These queries, characteristic of ZFJ, are far less common in PV, although the beginnings of interest in such questions can be found there; thus, while ZFJ represents a departure of sorts from the program of PV, which is more exegetical, ZFJ is still part of the Pahlavi intellectual tradition. Still, an index of just how innovative it is may be gathered by the fact that about half of its queries do not have parallels in PV.
Space considerations limit our discussion of ZFJ’s intellectual program; we will thus deal with only two innovations. ZFJ attempts to determine the parameters of the various categories of pollution, the minimum measures of polluted substances (often hambun-iz), the effect of the interaction of pollution with other substances that are important to humans (crops, water, fire, firewood, tools and containers, etc.). ZFJ 564 (33.10) is a good example of this. While PV 16.1 attempts to define the character of the onset of the menstrual flow primarily in terms of color, ZFJ asks more pointedly: “A woman who is in menses, then she has marks of menstruation and what, how much, and how (are they)?”
ZFJ’s answer is a restatement in more exact terms of PV 16.1-2: a blood flow is considered the most severe; then comes a flow with “the least amount of yellowness (hambun-iz zardīh),” and then some sort of moisture with a reddish tinge, again, “even the smallest amount.” Whether the latter use of hambun refers only to the amount of the flow, or also to the degree of red tinge is not clear, but in any case, the redactor/author is clearly concerned with defining the minimal amount of flow in various ways.
The word hambun appears four times in PV (2.5C, 3.14I, and 3.40F), but not in this sense; in contrast, it appears some 19 times in ZFJ as denoting a minimal measure in the legal/ritual sense (439 [2.1, twice], 475 [10.10], 487 [15.2], 495 [15.39], 496 [15.40], 505 [18.2], 515 [21.4], 537 [28.5], 563 [33.10, four times], 632 [37.8], 654 [39.1], 658 [40.1], 663 [40.5], 666 and 670 [Summary]).
In its concern with minimal measures ZFJ introduces three such measures beyond the smallest amount (hambun); two of them relate to the amount of dead matter that constitutes a violation of the prohibition against “chewing dead matter,” at least in the opinion reported in the name of the Mēd(y)ōmāhites. According to this school, the amount is either such that mizag dānēd, its taste may be discerned, or ōgārēd, it may be swallowed, which perhaps refers to an amount small enough to be swallowed at one go, so according to ZFJ 654 (39.1).

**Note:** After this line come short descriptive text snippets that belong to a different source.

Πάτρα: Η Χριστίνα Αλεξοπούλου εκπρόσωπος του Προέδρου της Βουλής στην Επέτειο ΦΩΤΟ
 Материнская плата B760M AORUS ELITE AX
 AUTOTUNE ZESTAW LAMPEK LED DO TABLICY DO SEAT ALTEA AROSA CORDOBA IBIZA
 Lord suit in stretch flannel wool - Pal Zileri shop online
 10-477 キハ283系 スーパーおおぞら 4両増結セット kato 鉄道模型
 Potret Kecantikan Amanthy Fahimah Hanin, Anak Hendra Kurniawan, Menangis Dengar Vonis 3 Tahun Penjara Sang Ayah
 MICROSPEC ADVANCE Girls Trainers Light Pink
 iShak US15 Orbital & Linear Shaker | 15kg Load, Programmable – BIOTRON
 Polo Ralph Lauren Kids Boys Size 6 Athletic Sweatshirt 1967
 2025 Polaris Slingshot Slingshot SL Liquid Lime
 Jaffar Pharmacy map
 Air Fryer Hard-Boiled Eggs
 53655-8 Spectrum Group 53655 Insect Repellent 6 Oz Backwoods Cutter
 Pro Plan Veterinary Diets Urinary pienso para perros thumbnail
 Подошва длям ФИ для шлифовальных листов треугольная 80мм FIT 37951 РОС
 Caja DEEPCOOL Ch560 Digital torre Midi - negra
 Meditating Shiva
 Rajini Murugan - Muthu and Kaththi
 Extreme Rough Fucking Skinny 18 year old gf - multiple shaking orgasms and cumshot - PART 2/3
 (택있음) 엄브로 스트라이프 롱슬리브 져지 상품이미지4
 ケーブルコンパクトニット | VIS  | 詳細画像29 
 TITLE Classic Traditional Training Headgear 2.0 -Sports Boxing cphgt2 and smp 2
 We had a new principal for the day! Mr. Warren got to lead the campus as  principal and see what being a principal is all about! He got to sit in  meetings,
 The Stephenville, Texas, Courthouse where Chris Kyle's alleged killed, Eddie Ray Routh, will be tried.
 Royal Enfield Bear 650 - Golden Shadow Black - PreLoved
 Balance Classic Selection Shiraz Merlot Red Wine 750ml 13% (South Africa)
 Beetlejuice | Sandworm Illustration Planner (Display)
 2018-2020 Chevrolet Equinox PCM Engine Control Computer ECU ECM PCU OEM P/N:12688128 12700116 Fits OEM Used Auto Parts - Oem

There is a fourth measure, based on PV 6.10C, where the Avesta prohibits leaving dead matter even “as little as the foremost *joint of the smallest finger” in a field in which a human or a dog has died. ZFJ 486-487 (15.2) converts this to a minimal amount so that each finger’s-size constitutes a sin. It should be noted that Šnš does not use hambun in this technical sense at all, though the word does occur in Šnš 2.28-2.32.
ZFJ’s concern with minimal measures becomes a concern with multiple levels of sin, or, as PV 6.5E already noted, multiple counts of sin per violation(s) of a prohibition, depending on how such violations are calculated.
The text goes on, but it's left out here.